El Conde de Montecristo · Edmund Flagg
Capítulo XXIV.
Capítulo 25 de 32 · 6 min de lectura
UNA NOCHE MEMORABLE.
Por lo general, los maleantes de todo París, intimidados por la terrible, inmediata y segura pena por el delito, abandonaron, por el momento, su oficio. Un hombre que intentó incendiar el Palais Royal fue abatido a tiros en la Prefectura. Otro, por un intento similar en edificios de la Rue Monceau, corrió la misma suerte. En la Rue Richelieu yacían los cuerpos de dos ladrones, cada uno con una bala en el pecho, y sobre la herida, la palabra "Ladrón" en una etiqueta. De igual manera, ocho ladrones más fueron ejecutados de inmediato en la Place de la Madeleine. Una mujer de la calle arrancó una pulsera de la muñeca de una dama; fue apresada al instante por los transeúntes y fusilada. De no haber sido por este castigo sumario de los malhechores por parte del pueblo, terrible habría sido esa noche la situación de París, sin leyes que hacer cumplir ni policía que las hiciera cumplir. Es cierto que el Castillo de Neuilly fue saqueado e incendiado, así como la espléndida villa del Barón Rothschild en Parennes; pero ambos se suponían propiedad del Rey. También es cierto que algunos rieles del Ferrocarril del Norte fueron arrancados, y un viaducto entre París y Amiens, y otro entre Amiens y la frontera de Bélgica fueron demolidos; y que las estaciones de tren en St. Denis, Enghien y Pontoise y el puente de Asnieres habían sido destruidos; pero todo esto se hizo para evitar la concentración de más tropas reales sobre los ciudadanos de París.
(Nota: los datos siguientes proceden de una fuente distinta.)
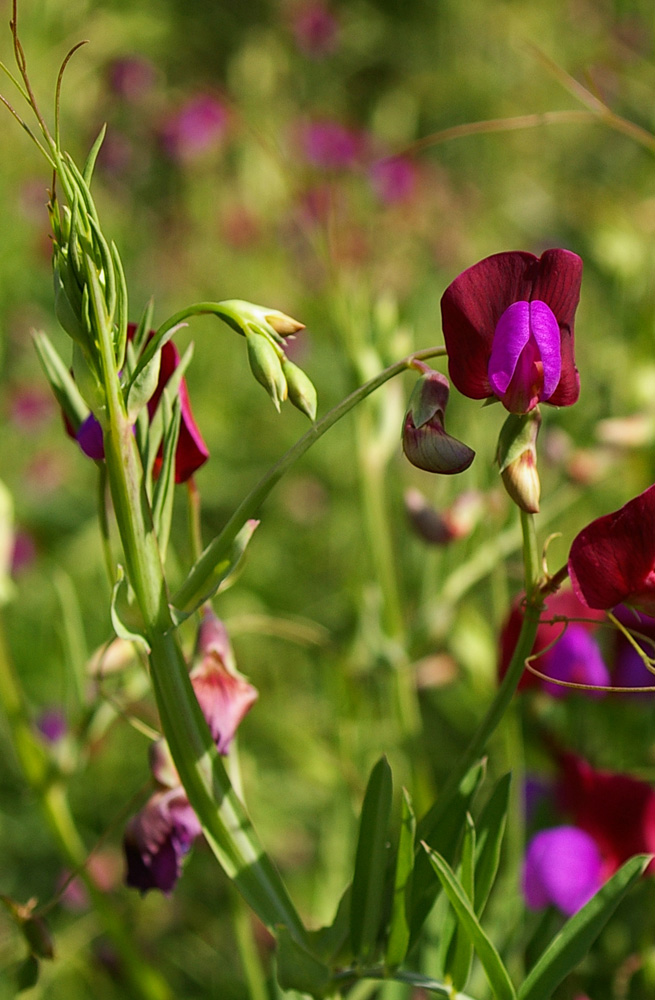 Lathyrus clymenum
Un obrero entró en una casa y pidió pan. Le ofrecieron carne y vino. "No", respondió, "pan y agua es todo lo que quiero".
Sin embargo, tal era la escasez de alimentos que se mataron y comieron caballos en el Hotel de Ville, al tercer día de la Revolución.
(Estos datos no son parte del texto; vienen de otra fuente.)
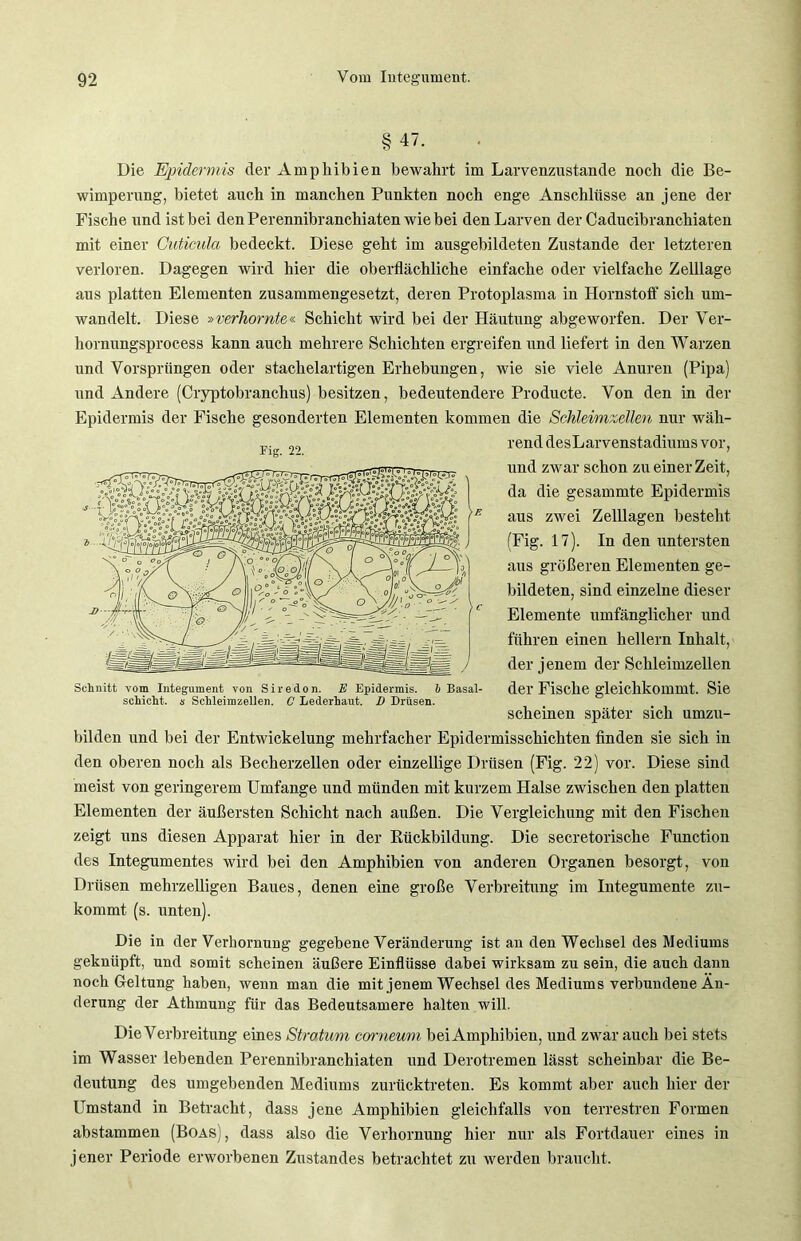 § 47. Die Epidermis der Amphibien bewahrt im Larvenzustande noch die Be- wimperung, bietet auch in manchen Punkten noch enge Anschlüsse an jene der Fische und ist bei den Perennibranchiaten wie bei den Larven der Caducibranchiaten mit einer Cuticula bedeckt. Diese geht im ausgebildeten Zustande der letzteren verloren. Dagegen wird hier die oberflächliche einfache oder vielfache Zelllage aus platten Elementen zusammengesetzt, deren Protoplasma in Hornstoff sich um- wandelt. Diese »verhornte« Schicht wird bei der Häutung abgeworfen. Der Ver- hornungsprocess kann auch mehrere Schichten ergreifen und liefert in den Warzen und Vorsprüngen oder stachelartigen Erhebungen, wie sie viele Anuren (Pipa) und Andere (Cryptobranchus) besitzen, bedeutendere Producte. Von den in der Epidermis der Fische gesonderten Elementen kommen die Schleimzellen nur wäh- rend desLarvenstadiums vor, und zwar schon zu einer Zeit, da die gesammte Epidermis aus zwei Zelllagen besteht aus größeren Elementen ge- bildeten, sind einzelne dieser Elemente umfänglicher und führen einen hellem Inhalt, der jenem der Schleimzellen der Fische gleichkommt. Sie scheinen später sich umzu- bilden und bei der Entwickelung mehrfacher Epidermisschichten finden sie sich in den oberen noch als Becherzellen oder einzellige Drüsen (Fig. 22) vor. Diese sind meist von geringerem Umfange und münden mit kurzem Halse zwischen den platten Elementen der äußersten Schicht nach außen. Die Vergleichung mit den Fischen zeigt uns diesen Apparat hier in der Bückbildung. Die secretorische Function des Integumentes wird bei den Amphibien von anderen Organen besorgt, von Drüsen mehrzelligen Baues, denen eine große Verbreitung im Integumente zu- kommt (s. unten). Die in der Verhornung gegebene Veränderung ist an den Wechsel des Mediums geknüpft, und somit scheinen äußere Einflüsse dabei wirksam zu sein, die auch dann noch Geltung haben, wenn man die mit jenem Wechsel des Mediums verbundene Än- derung der Athmung für das Bedeutsamere halten will. Die Verbreitung eines Stratum corneum bei Amphibien, und zwar auch bei stets im Wasser lebenden Perennibranchiaten und Derotremen lässt scheinbar die Be- deutung des umgebenden Mediums zurücktreten. Es kommt aber auch hier der Umstand in Betracht, dass jene Amphibien gleichfalls von terrestren Formen abstammen (Boas), dass also die Verhornung hier nur als Fortdauer eines in jener Periode erworbenen Zustandes betrachtet zu werden braucht. (Fig. 17). In den untersten Fig. 22. schiebt, s Schleimzellen. C Lederhaut. D Drüsen.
"¡Armas, armas!" gritó una banda de obreros al entrar en una casa de la Rue Richelieu. El propietario, alarmado, pidió ayuda a gritos. "¿Nos cree ladrones?" fue la indignada respuesta. "¡Dénos sus armas!"
Se entregaron las armas y la banda se retiró; en la puerta escribieron: "¡Aquí recibimos armas!"
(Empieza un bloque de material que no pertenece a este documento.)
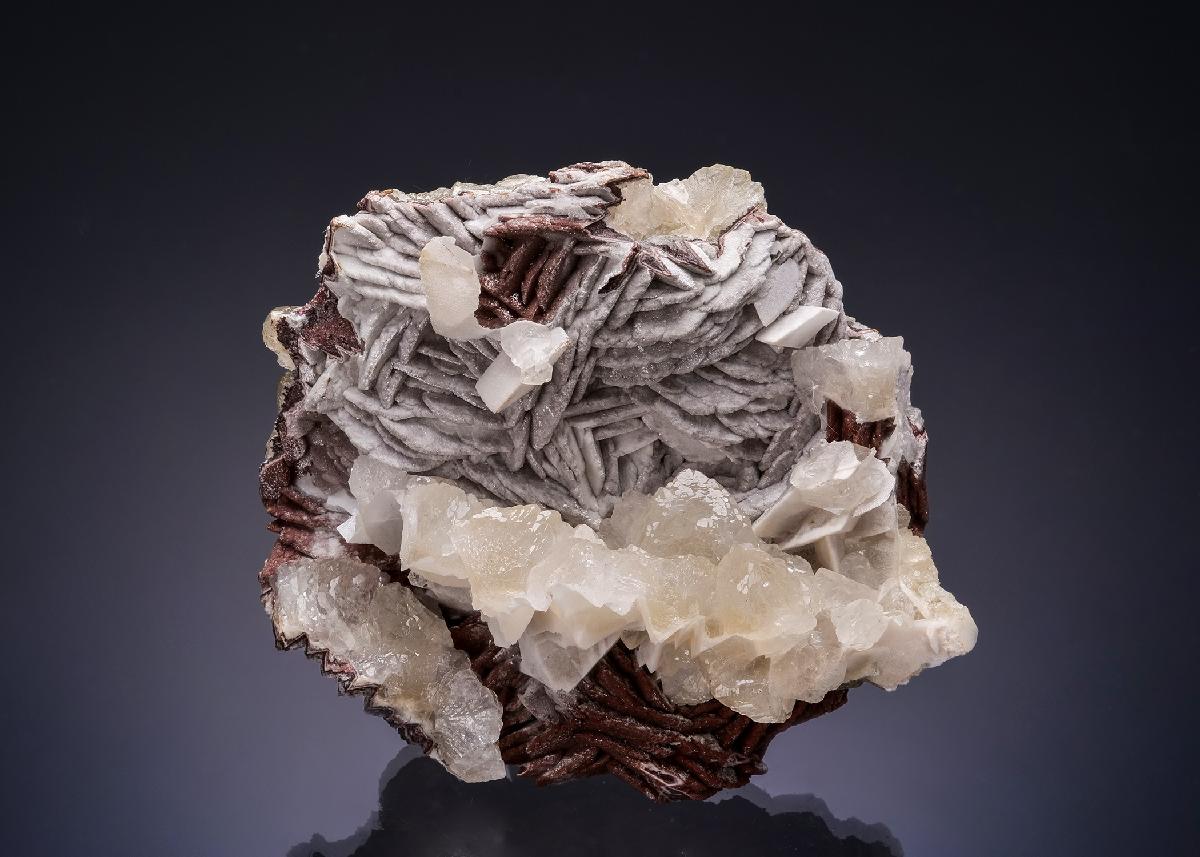 CC52686 specimen image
A las cinco de la tarde del 24 de febrero, una proclama a los ciudadanos de París, emitida por el Gobierno Provisional reunido entonces en el Hotel de Ville, declaraba la Revolución consumada: que ochenta mil miembros de la Guardia Nacional y cien mil del pueblo estaban armados; que ahora debía asegurarse tanto el orden como la libertad, y que el pueblo, junto con la Guardia Nacional, eran designados guardianes de París.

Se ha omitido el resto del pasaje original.